- MATERIAL TO PROCESS -

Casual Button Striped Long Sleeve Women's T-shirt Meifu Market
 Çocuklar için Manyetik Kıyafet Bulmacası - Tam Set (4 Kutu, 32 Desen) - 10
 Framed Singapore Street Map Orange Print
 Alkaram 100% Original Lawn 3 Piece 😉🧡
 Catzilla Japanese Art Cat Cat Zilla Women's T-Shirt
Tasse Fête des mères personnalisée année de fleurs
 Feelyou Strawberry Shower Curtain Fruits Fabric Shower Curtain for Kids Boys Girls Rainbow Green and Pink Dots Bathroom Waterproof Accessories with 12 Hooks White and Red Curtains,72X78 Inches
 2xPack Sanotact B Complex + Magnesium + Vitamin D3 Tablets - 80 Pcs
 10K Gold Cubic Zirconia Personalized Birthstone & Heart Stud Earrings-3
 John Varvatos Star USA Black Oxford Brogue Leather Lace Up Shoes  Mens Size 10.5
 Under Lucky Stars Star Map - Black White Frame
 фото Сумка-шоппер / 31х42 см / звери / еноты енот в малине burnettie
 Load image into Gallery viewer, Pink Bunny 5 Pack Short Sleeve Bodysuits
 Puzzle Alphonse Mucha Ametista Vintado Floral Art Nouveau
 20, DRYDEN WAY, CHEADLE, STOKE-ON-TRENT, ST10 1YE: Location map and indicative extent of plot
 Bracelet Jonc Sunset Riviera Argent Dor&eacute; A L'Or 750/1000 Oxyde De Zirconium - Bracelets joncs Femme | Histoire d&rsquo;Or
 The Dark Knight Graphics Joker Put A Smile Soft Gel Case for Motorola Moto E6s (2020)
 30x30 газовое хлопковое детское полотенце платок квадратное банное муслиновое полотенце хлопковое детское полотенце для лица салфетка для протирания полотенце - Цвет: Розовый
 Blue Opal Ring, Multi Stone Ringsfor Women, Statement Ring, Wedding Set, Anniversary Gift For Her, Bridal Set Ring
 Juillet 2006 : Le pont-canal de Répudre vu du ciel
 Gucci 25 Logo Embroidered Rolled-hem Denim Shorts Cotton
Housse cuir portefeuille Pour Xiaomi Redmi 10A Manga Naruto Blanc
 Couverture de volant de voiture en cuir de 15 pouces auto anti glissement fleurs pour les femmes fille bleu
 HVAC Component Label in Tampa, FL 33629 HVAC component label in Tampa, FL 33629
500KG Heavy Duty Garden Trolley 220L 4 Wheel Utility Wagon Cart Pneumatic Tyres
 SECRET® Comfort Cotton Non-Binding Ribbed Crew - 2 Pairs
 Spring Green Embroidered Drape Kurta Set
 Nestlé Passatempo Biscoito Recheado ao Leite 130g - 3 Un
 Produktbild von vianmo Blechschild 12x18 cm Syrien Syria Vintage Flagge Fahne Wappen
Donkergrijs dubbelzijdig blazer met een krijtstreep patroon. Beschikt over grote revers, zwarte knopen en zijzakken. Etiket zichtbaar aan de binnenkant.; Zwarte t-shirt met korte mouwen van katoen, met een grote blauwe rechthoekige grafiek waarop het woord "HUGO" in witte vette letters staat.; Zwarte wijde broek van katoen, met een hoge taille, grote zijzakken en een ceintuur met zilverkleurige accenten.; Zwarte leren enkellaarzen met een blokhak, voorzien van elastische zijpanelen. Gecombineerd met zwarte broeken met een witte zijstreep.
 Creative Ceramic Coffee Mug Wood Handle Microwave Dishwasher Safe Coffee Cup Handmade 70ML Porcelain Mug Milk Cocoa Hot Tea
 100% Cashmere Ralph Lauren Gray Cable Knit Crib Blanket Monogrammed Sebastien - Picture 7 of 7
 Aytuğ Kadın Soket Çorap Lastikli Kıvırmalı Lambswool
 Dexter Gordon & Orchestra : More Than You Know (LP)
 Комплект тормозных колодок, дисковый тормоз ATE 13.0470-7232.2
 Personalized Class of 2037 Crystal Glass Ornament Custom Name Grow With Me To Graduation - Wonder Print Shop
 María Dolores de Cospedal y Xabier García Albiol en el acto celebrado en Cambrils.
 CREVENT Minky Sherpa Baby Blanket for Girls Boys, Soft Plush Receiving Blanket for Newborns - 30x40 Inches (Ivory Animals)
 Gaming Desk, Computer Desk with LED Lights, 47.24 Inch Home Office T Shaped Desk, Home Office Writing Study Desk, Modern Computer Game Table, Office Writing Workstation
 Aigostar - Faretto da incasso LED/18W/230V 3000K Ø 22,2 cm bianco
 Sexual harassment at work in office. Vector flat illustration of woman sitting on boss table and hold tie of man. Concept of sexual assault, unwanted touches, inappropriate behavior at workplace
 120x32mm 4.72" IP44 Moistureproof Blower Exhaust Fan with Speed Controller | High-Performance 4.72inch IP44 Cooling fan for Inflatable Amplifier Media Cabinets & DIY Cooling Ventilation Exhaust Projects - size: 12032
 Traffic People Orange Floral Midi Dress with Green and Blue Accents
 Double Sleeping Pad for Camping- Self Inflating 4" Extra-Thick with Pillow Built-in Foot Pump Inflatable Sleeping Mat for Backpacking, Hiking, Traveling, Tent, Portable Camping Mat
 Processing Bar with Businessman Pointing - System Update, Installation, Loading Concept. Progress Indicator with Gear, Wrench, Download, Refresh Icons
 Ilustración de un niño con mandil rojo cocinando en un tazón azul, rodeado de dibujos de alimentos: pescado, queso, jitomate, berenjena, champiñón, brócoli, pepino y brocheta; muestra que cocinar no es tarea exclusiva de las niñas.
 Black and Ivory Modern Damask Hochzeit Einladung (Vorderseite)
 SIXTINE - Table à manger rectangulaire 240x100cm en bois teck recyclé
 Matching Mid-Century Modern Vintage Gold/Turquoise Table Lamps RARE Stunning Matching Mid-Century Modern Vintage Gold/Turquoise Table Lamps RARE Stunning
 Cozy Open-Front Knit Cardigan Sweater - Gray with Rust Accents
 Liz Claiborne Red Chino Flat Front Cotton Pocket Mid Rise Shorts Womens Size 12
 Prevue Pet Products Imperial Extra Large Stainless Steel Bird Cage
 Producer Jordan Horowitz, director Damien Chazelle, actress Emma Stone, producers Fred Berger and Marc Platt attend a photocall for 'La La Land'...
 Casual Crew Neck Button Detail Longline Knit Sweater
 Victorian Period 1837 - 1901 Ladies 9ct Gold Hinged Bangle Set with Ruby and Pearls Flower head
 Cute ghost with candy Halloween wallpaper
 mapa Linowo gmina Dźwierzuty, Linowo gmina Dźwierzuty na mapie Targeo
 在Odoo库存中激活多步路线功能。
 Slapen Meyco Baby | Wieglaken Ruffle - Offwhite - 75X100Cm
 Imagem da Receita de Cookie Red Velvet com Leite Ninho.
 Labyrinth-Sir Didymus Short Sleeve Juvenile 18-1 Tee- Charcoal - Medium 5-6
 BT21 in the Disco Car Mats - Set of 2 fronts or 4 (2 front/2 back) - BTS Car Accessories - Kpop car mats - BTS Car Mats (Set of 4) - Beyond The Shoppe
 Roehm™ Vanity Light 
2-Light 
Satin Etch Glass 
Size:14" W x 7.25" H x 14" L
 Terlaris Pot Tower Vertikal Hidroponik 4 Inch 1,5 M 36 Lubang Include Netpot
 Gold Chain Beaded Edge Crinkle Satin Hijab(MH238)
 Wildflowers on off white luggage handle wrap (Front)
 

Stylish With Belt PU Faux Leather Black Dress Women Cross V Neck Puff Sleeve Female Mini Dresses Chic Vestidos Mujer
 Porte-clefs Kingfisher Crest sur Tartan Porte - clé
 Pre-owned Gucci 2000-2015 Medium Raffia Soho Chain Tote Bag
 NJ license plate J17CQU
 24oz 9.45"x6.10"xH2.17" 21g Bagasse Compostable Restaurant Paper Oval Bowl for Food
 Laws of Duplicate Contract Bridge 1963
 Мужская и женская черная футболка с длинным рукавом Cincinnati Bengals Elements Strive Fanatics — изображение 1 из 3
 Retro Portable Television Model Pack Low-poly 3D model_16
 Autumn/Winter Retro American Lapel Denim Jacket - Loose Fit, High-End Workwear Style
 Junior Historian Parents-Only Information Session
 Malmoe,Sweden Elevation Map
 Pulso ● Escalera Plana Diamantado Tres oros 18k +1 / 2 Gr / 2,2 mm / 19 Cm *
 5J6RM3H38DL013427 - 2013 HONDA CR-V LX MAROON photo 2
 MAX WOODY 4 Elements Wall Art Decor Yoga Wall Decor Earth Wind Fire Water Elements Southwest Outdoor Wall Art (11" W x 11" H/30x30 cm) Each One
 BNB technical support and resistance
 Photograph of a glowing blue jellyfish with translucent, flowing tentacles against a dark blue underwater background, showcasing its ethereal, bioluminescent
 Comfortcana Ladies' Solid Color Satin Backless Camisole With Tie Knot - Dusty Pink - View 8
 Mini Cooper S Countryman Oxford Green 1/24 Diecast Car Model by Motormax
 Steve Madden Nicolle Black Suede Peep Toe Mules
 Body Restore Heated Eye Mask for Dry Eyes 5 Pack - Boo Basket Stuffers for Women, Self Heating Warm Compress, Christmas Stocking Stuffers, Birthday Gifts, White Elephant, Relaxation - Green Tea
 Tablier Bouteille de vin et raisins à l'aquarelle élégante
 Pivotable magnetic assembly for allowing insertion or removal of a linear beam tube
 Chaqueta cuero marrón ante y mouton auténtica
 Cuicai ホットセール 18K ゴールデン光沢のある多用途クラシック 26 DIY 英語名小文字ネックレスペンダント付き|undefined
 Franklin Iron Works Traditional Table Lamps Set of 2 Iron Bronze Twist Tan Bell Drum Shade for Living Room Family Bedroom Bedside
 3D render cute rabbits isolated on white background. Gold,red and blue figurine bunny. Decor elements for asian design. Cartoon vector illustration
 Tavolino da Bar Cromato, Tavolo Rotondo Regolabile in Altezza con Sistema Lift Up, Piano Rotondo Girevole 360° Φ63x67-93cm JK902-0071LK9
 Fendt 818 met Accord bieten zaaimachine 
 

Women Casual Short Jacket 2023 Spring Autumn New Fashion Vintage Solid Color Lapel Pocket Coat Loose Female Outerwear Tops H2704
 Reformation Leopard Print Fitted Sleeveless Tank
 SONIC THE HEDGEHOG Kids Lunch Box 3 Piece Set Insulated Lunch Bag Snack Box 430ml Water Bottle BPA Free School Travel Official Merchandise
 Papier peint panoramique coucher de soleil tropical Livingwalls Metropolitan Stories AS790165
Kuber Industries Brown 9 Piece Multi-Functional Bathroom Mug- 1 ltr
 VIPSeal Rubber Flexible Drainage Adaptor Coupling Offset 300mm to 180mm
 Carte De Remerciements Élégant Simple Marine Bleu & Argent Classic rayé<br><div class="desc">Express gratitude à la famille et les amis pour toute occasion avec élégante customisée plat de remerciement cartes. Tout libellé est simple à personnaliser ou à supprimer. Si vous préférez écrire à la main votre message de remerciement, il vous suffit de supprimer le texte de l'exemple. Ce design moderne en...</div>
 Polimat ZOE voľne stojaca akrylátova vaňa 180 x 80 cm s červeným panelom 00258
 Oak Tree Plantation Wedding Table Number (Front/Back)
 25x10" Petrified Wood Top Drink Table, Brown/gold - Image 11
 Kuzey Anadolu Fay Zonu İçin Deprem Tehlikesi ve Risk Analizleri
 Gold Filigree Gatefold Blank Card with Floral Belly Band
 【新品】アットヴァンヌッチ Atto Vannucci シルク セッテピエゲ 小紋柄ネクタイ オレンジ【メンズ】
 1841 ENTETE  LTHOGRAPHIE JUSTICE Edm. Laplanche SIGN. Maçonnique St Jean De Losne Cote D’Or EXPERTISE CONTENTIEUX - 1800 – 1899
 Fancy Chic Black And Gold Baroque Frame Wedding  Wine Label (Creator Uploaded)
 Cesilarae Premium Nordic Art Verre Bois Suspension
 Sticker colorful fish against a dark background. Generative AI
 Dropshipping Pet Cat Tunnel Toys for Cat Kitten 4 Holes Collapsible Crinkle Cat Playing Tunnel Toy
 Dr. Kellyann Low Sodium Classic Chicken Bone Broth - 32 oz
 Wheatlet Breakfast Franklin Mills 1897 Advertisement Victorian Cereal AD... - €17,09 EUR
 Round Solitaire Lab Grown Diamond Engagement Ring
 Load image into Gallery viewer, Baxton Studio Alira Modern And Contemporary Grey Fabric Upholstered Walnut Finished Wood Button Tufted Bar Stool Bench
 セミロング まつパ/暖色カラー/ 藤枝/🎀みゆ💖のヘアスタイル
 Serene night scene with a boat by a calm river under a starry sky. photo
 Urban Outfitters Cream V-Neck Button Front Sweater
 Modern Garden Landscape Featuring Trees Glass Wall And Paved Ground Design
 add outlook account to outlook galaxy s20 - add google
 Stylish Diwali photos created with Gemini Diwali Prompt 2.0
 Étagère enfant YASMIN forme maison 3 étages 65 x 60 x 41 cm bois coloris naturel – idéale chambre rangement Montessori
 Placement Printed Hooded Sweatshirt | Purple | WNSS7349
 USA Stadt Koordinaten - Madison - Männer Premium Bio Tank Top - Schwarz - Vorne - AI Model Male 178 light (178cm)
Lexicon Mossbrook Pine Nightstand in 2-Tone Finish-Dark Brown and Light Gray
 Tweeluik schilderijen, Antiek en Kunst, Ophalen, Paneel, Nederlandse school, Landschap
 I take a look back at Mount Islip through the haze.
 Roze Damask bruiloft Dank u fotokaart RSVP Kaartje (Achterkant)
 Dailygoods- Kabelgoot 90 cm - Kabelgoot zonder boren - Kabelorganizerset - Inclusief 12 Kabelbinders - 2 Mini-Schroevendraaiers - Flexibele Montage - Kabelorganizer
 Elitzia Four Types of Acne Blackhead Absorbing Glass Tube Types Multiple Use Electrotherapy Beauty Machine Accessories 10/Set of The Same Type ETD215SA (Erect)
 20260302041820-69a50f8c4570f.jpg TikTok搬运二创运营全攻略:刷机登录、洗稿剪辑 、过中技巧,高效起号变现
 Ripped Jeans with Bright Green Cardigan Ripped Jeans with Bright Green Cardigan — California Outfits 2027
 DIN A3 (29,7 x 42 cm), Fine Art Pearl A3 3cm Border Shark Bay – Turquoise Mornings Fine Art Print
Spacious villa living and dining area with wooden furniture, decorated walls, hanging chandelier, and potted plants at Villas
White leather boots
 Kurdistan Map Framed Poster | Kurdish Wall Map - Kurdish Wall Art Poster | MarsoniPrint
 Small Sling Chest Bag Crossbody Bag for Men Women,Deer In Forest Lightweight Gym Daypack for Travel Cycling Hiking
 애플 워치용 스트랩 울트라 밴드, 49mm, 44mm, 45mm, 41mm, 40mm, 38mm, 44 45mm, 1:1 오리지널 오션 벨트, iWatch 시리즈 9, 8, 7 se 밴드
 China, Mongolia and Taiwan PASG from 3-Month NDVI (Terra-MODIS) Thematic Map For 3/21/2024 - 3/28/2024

- WHAT THIS TASK INVOLVES -
Go through the listing above and write out exactly the lines starting with the one holding "Malmoe,Sweden Elevation Map" and running through the one holding "Fendt 818 met Accord bieten zaaimachine", ends included, and no others.

- WRITTEN RESPONSE -
 Malmoe,Sweden Elevation Map
 Pulso ● Escalera Plana Diamantado Tres oros 18k +1 / 2 Gr / 2,2 mm / 19 Cm *
 5J6RM3H38DL013427 - 2013 HONDA CR-V LX MAROON photo 2
 MAX WOODY 4 Elements Wall Art Decor Yoga Wall Decor Earth Wind Fire Water Elements Southwest Outdoor Wall Art (11" W x 11" H/30x30 cm) Each One
 BNB technical support and resistance
 Photograph of a glowing blue jellyfish with translucent, flowing tentacles against a dark blue underwater background, showcasing its ethereal, bioluminescent
 Comfortcana Ladies' Solid Color Satin Backless Camisole With Tie Knot - Dusty Pink - View 8
 Mini Cooper S Countryman Oxford Green 1/24 Diecast Car Model by Motormax
 Steve Madden Nicolle Black Suede Peep Toe Mules
 Body Restore Heated Eye Mask for Dry Eyes 5 Pack - Boo Basket Stuffers for Women, Self Heating Warm Compress, Christmas Stocking Stuffers, Birthday Gifts, White Elephant, Relaxation - Green Tea
 Tablier Bouteille de vin et raisins à l'aquarelle élégante
 Pivotable magnetic assembly for allowing insertion or removal of a linear beam tube
 Chaqueta cuero marrón ante y mouton auténtica
 Cuicai ホットセール 18K ゴールデン光沢のある多用途クラシック 26 DIY 英語名小文字ネックレスペンダント付き|undefined
 Franklin Iron Works Traditional Table Lamps Set of 2 Iron Bronze Twist Tan Bell Drum Shade for Living Room Family Bedroom Bedside
 3D render cute rabbits isolated on white background. Gold,red and blue figurine bunny. Decor elements for asian design. Cartoon vector illustration
 Tavolino da Bar Cromato, Tavolo Rotondo Regolabile in Altezza con Sistema Lift Up, Piano Rotondo Girevole 360° Φ63x67-93cm JK902-0071LK9
 Fendt 818 met Accord bieten zaaimachine 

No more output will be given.